Todo pasó en un día… creo que era lunes, sí, lunes, porque los días siguientes a festivos no aguanto mucho en la oficina y me salto un poquito el horario saliendo un rato antes, no mucho, ya que mi jefe, José Luis, aunque lo sabe y acepta, me mira a veces un poco atravesado. Es que le he dicho que sufro de indolencia posdominguera y necesito adaptar paulatinamente el espíritu a la semana laboral que se avecina. Se rio entre dientes cuando se lo dije por vez primera, y de vez en cuando me lo restriega cuando quiere que me quede más tiempo a trabajar. Típico de los jefes, que te dan dos, pero te piden diez.

El caso es que ese día, lunes, yo caminaba lentamente por una calle céntrica, hombre libre, sintiendo pereza de entrar en casa a pesar del fresquito de un febrero, demediado entre un invierno moribundo y una primavera con ganas de nacer… Vamos, casi feliz podría decirse. Saboreaba caminar solo, pensando en naderías sin importancia, sentir la soledad como algo atractivo, una compañía a mi lado. Creo que es obvio que en mi casa no me espera nadie, salvo mis libros y la tarea de resolver la cena.

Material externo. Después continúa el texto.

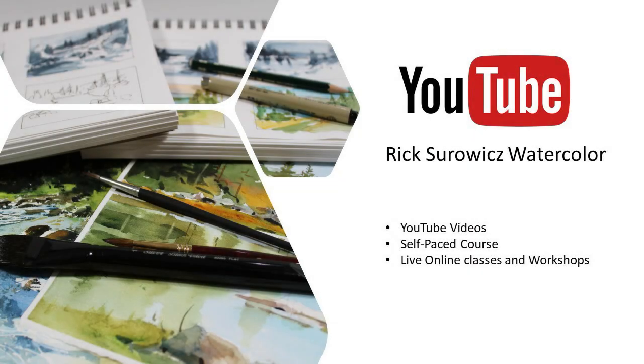Welcome to my YouTube channel Rick Soros Watercolor. At any time during the video you can click on the link in the lower right hand corner to subscribe to my channel.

Andando iba yo tan campante, cuando aparqué mi vista en un llamativo comercio donde, en el escaparate, se mezclaban libros, parafernalia relacionada con escritorio, papelería y todo un enjambre de propuestas para el consumo editorial de moda. Luminoso y atractivo el escaparate, de verdad. Miré, interesado, los libros. Lástima. La sensación frustrante de que lo expuesto en el escaparate era pura y simplemente basura encuadernada, puso en marcha un desasosiego que me pedía a gritos entrar, ver si sería dentro donde alguna perla perdida me guiñara un ojo, acariciar un par de lomos de volumen comercial descaradamente procaz, intentar abrir con delicadeza la mitad de tal libro a la mitad de profundidad y leer en vertical, rápidamente, los finales de las frases.